Exercise =
Exactly as they appear, please output the lines from the one with "this 640×480 image." through the end of the material, without pictures.
:::::
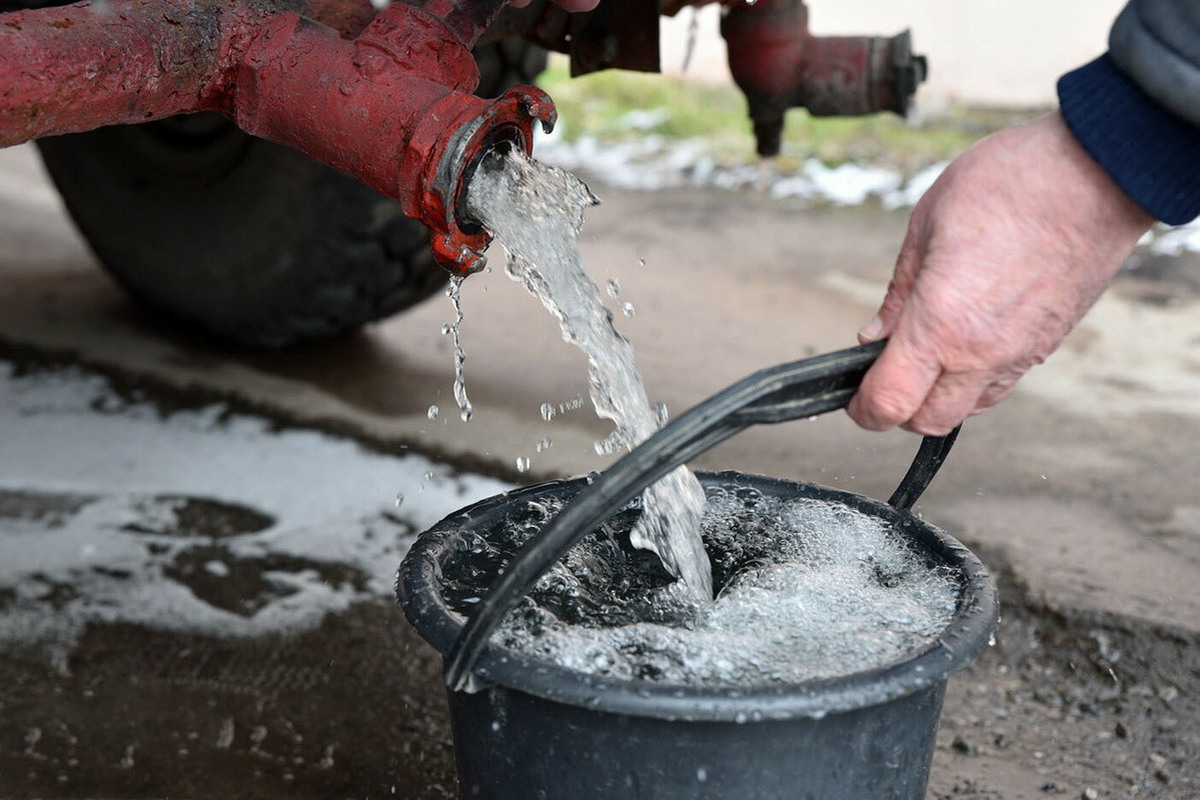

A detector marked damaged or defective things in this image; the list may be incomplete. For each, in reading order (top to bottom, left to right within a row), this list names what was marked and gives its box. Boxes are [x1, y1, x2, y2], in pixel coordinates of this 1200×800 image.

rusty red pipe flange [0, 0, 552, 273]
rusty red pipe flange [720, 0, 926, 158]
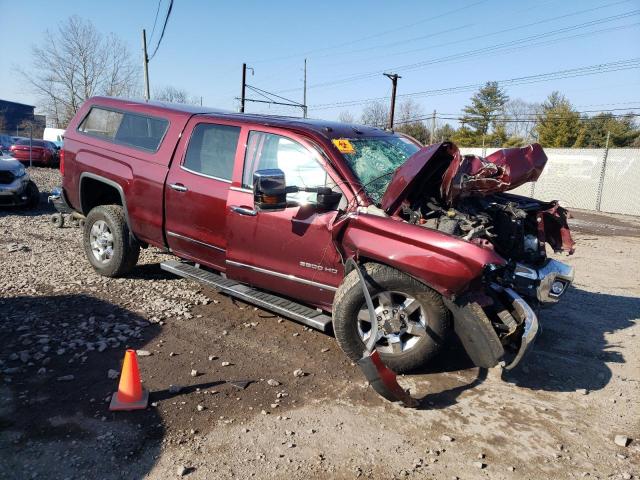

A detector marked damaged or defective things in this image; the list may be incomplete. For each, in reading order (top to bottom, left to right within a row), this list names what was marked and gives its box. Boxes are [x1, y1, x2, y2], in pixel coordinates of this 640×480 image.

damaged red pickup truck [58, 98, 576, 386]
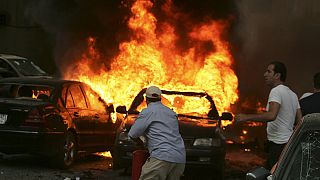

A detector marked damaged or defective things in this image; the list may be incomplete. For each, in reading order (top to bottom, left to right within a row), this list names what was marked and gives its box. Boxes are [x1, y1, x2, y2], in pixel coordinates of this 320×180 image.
:::::
Solution =
A detector marked damaged or defective things in this image; the list may be incomplete. For each, in reading order (top to bottom, left to right within a row), this list names what was marked and gives its box. Boxes are [x1, y1, x2, y2], in pixel coordinates of this 640×480 image.

damaged red pickup truck [58, 98, 576, 386]

A detector marked damaged or defective things in this image; the list may be incomplete. For each, in reading order (top to bottom, left to right within a row), this list names what was marked and gives its box. Boxes are [x1, y1, x2, y2], in pixel coordinates of this 320×180 image.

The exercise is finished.